» **PROBLEM REQUIREMENTS**: As an exercise in exact copying, transcribe the lines below from the one holding "Geyik heykeli olan" through the last, with both ends included and pictures left out.

(Data entries)
============================================================

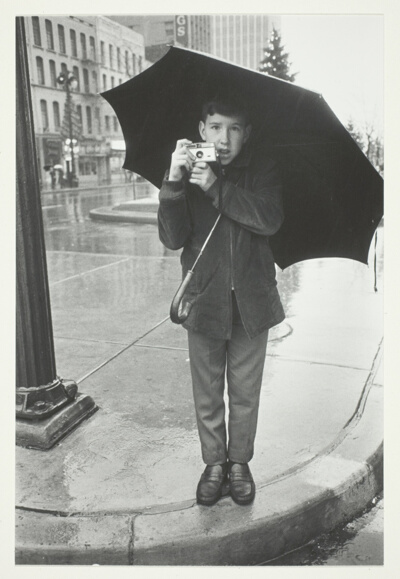 Boy with Instamatic in the Rain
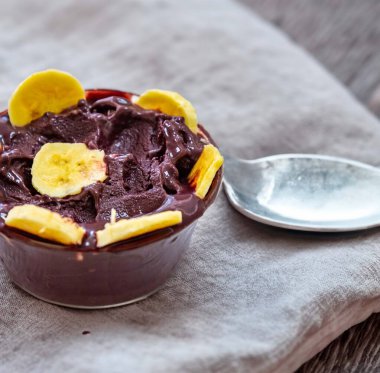 En otantik Brezilya aa 'sı, Euterpe oleracea, minimalist bir kasede muz ve uyumlu bir ortam. Süper gıda enerjisi ve vitaminler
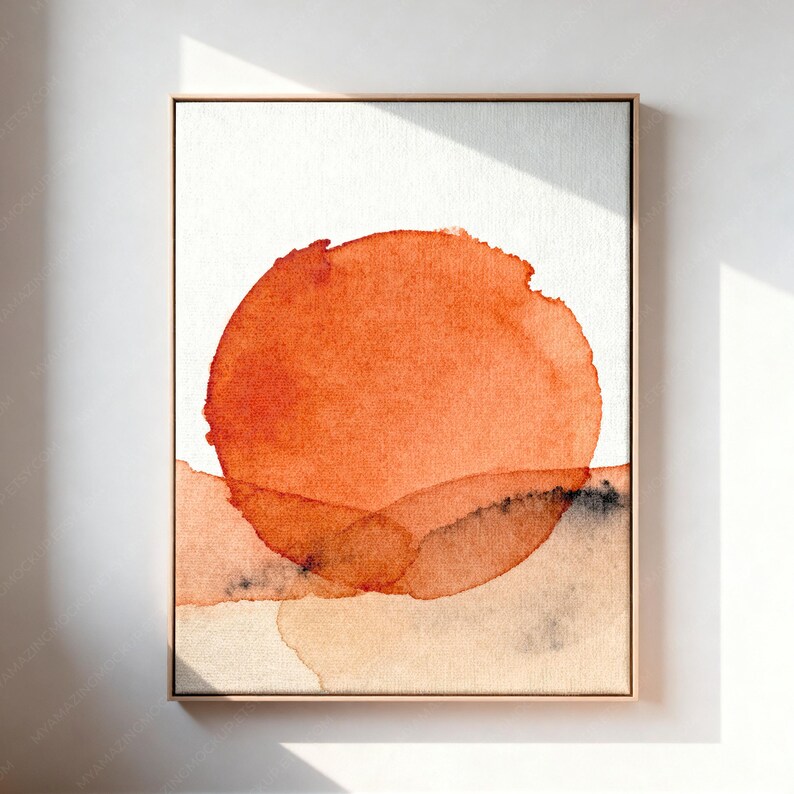 May include: A rectangular framed wall art piece featuring a large, vibrant orange watercolor circle centered against a white background. Below the circle, soft, translucent washes of light orange and muted gray paint create a layered horizon.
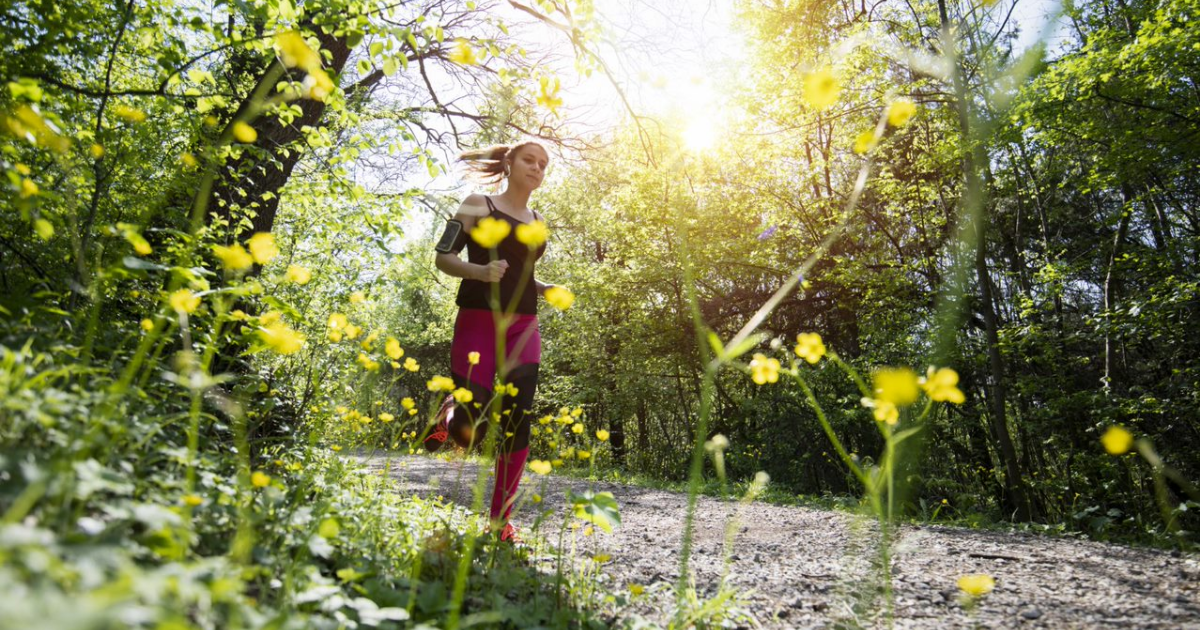 Femme courant dans les bois parmi les fleurs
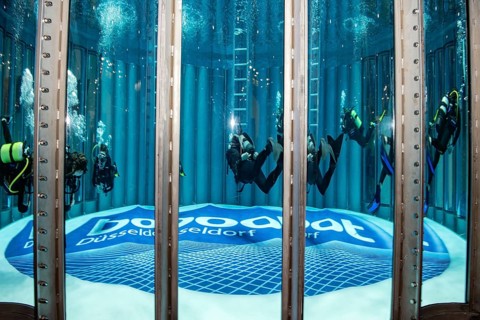 Close-up of several divers in the water in diving tower of Messe boot, on the ground lettering Log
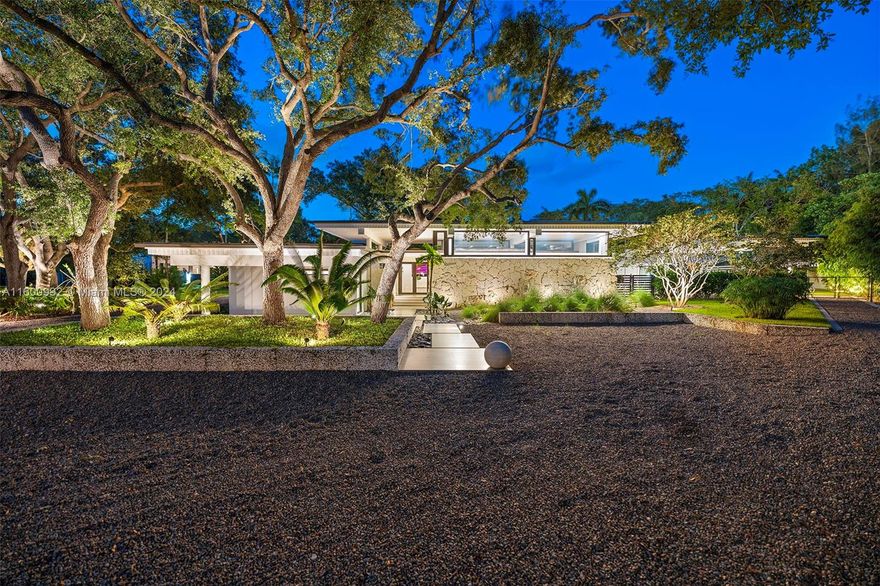 A residence like no other! Exquisitely designed and meticulously reimagined, this 9,000+ sqft Mid-Century Modern masterpiece sits on one of Pinecrest's best streets. Fully renovated, it seamlessly blends indoor/outdoor living with walls of impact glass overlooking pristine gardens on a .9 acre lot. Perfect for entertaining, it features a flexible open-concept layout, new Italian-style kitchen with JennAir appliances, a beautiful grilling terrace, sparkling pool, and fire pit. The main residence offers 5 bedrooms and the detached guest cottage is 830+ sqft. Additional highlights include a 1,000+ sqft air-conditioned garage, 2021 roof, new HVAC, artificial turf, and smart home features. Conveniently located in flood zone X near top schools and parks. Click virtual tour for video!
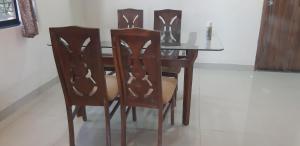 uma mesa de jantar com 4 cadeiras e uma mesa de vidro em Hotel The Grand em Mahabaleshwar
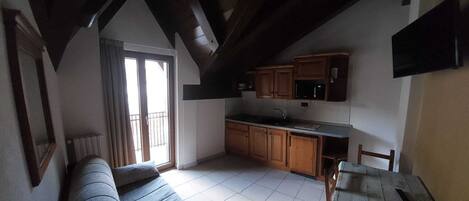 A cozy living room with a sofa, a dining table, and a kitchen area with wooden cabinets and a microwave.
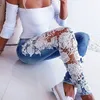 Kvinnors jeans spets blommig virkning ih￥lig h￶stkvinnor elegant sexig denim blyerts skinny 221007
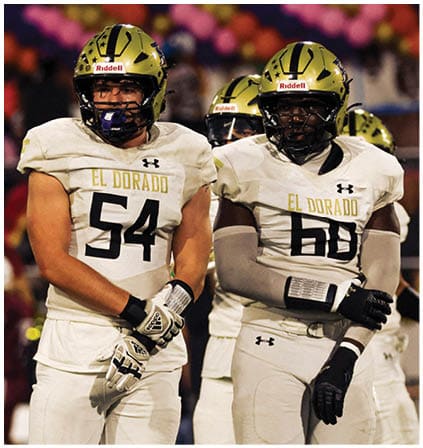 A group of football players celebrating a touchdown. Description generated by AI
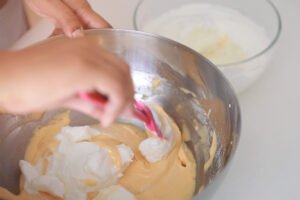 fold egg white to batter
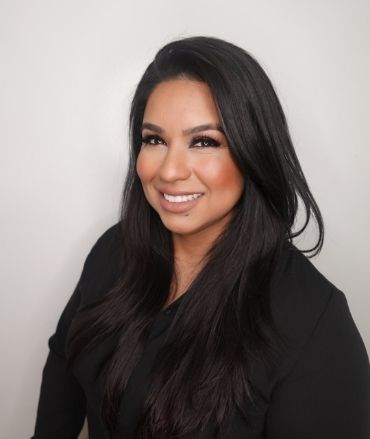 A woman with long dark hair is smiling and wearing a black shirt.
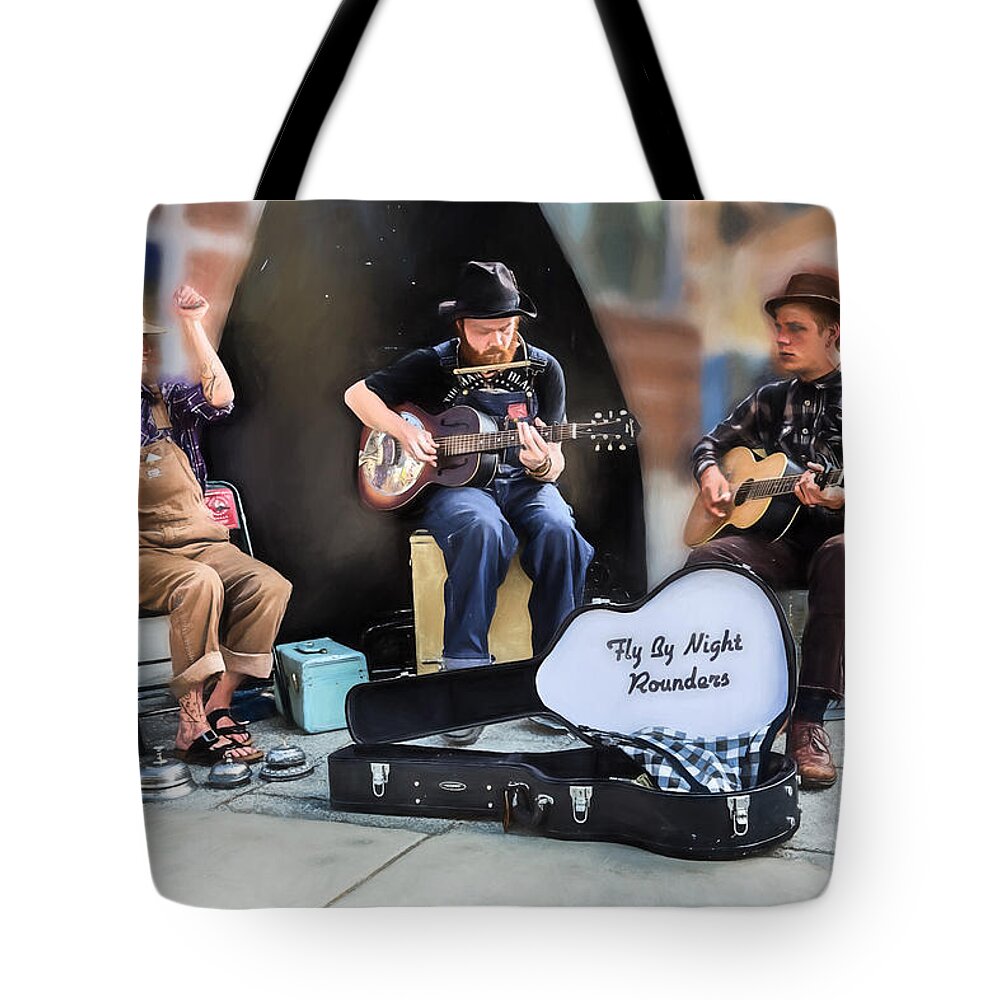 Buskers Tote Bag featuring the photograph The Fly By Night Rounders by John Haldane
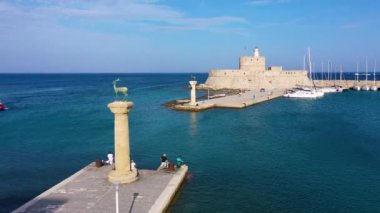 Geyik heykeli olan Mandraki limanı, Heykelin durduğu yer ve Aziz Niklas kalesi. Rodos, Yunanistan. Rodos, Rodos, Yunanistan Heykeli 'nin yerine Hirschkuh heykeli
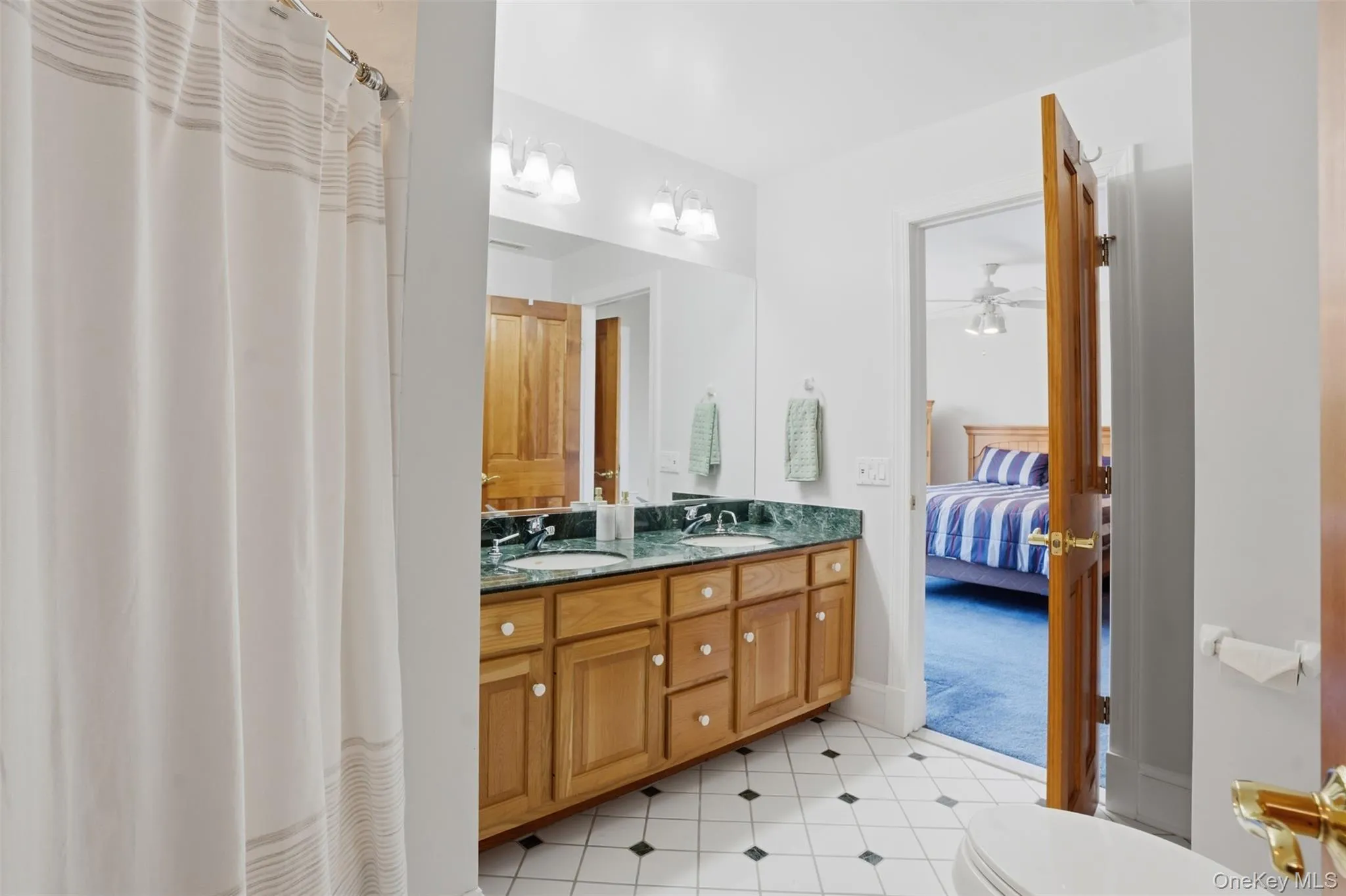 Bathroom featuring a double vanity with a green countertop, wood cabinetry, and a patterned tile floor Bathroom featuring a double vanity with a green countertop, wood cabinetry, and a patterned tile floor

============================================================

» **ANSWER TO THE PROBLEM**:
 Geyik heykeli olan Mandraki limanı, Heykelin durduğu yer ve Aziz Niklas kalesi. Rodos, Yunanistan. Rodos, Rodos, Yunanistan Heykeli 'nin yerine Hirschkuh heykeli
 Bathroom featuring a double vanity with a green countertop, wood cabinetry, and a patterned tile floor Bathroom featuring a double vanity with a green countertop, wood cabinetry, and a patterned tile floor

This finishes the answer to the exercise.